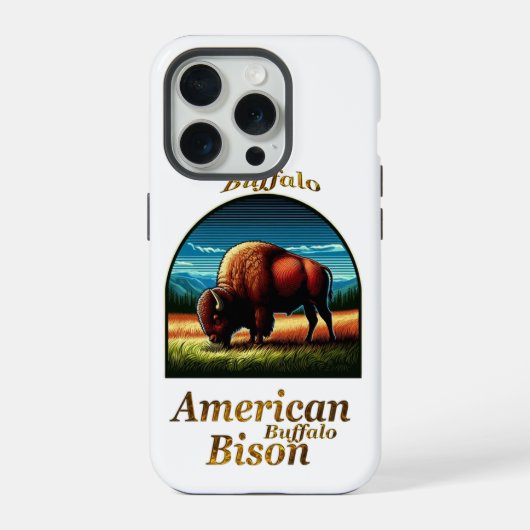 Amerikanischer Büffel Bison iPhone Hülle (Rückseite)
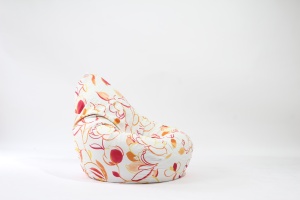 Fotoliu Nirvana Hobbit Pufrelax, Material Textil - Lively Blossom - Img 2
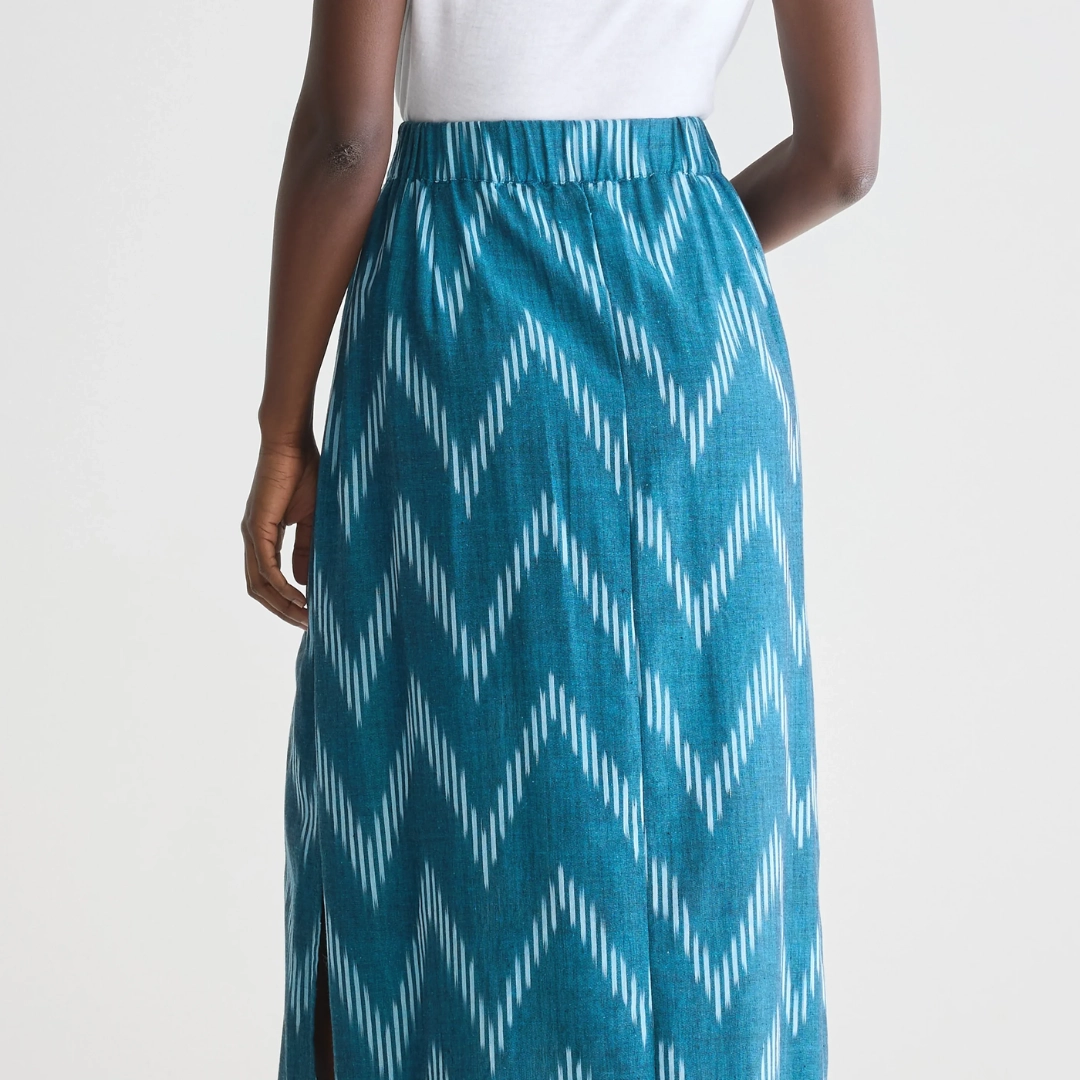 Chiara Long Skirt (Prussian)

*EXERCISE OBJECTIVE:* Every line above must be printed again exactly, pictures excluded.

*ANSWER TO THIS PROBLEM:*
 Amerikanischer Büffel Bison iPhone Hülle (Rückseite)
 Fotoliu Nirvana Hobbit Pufrelax, Material Textil - Lively Blossom - Img 2
 Chiara Long Skirt (Prussian)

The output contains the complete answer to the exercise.